Most recently, tax-related qui tam actions have been brought against wine makers who ship products to Illinois consumers. Diamond has also brought qui tam actions against the makers of the popular My Pillow products, failing only because of a recent state appeals court ruling, to collect $600,000 in attorney fees, in addition to his share of the damages ordered against My Pillow.
“We (IRMA) are aware that there are persons and organizations out there who specialize in these kinds of lawsuits,” said Dawood. “We want to be able to collect tax appropriately, and we have to be able to limit our members’ exposure to lawsuits.”
In this particular instance, Dawood said some retailers’ issue may center on the inclusion of ice in a drink. While a consumer may use, for instance, a 20-oz or 32-oz cup to hold their fountain beverages, some portion of the total volume in that cup could be ice, which is not a sweetened beverage and should not be subject to the tax.

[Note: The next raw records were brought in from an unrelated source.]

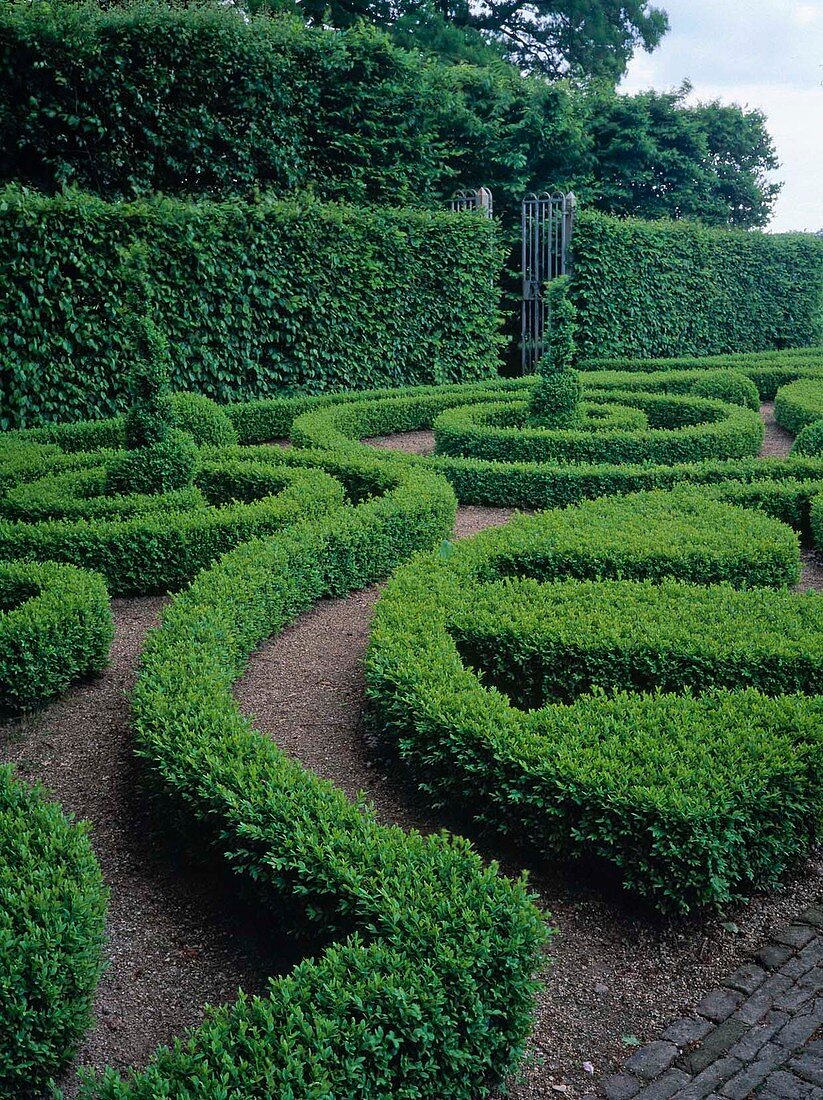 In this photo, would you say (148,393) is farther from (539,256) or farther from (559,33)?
(559,33)

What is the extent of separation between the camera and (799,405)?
43.8 feet

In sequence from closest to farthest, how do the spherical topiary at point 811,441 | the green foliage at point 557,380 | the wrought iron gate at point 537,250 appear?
the spherical topiary at point 811,441 < the green foliage at point 557,380 < the wrought iron gate at point 537,250

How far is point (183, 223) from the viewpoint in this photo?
13.3 metres

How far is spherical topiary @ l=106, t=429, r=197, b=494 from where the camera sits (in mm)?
8438

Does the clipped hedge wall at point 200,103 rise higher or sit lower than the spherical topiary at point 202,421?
higher

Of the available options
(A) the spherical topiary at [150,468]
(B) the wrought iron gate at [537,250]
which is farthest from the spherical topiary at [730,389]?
(A) the spherical topiary at [150,468]

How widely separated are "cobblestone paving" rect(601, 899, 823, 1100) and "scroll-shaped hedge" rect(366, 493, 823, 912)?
356mm

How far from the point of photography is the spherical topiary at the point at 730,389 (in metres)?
15.4

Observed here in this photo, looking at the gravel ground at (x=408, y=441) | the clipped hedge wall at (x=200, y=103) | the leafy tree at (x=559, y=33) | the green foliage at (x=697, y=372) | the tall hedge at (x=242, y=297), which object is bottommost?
the gravel ground at (x=408, y=441)

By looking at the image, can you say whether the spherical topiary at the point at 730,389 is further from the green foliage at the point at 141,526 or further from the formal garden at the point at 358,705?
the green foliage at the point at 141,526

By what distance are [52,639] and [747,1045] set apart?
402 centimetres

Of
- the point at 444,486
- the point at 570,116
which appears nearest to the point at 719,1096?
the point at 444,486

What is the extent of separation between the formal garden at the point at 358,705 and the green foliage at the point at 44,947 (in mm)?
12

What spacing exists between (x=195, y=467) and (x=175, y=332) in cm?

The issue becomes further complicated should consumers be allowed to refill the beverages, such as many fast food establishments now allow for dine-in customers.
Yet the county, Dawood said, has not offered any meaningful guidance to retailers concerning how to properly collect the tax on such purchases, potentially leaving retailers exposed to qui tam lawsuits alleging they either charged too much or too little tax.
Similarly, retailers could also face litigation threats from class action lawyers and plaintiffs, who could bring legal actions asserting consumers were charged too much tax or otherwise improperly charged when buying beverages.
In recent months, for instance, Walgreens faced a lawsuit brought by a man who claimed the retail pharmacy chain had improperly charged him and many others a 5-cent tax imposed on the sale of bottled water by the city of Chicago.
A judge dismissed the lawsuit in February, but plaintiff Destin McIntosh has appealed. The appeal remains pending, according to Cook County court records.
Dawood said the costs imposed by the litigation threat, however, would come only on top of the “enormous” expense retailers already are facing simply to comply with the tax collection rules, as they must write and rewrite software code for their registers and other bookkeeping systems to ensure proper collection.
“All of this takes significant time and expense, and the county has simply not given us adequate time to adjust,” she said.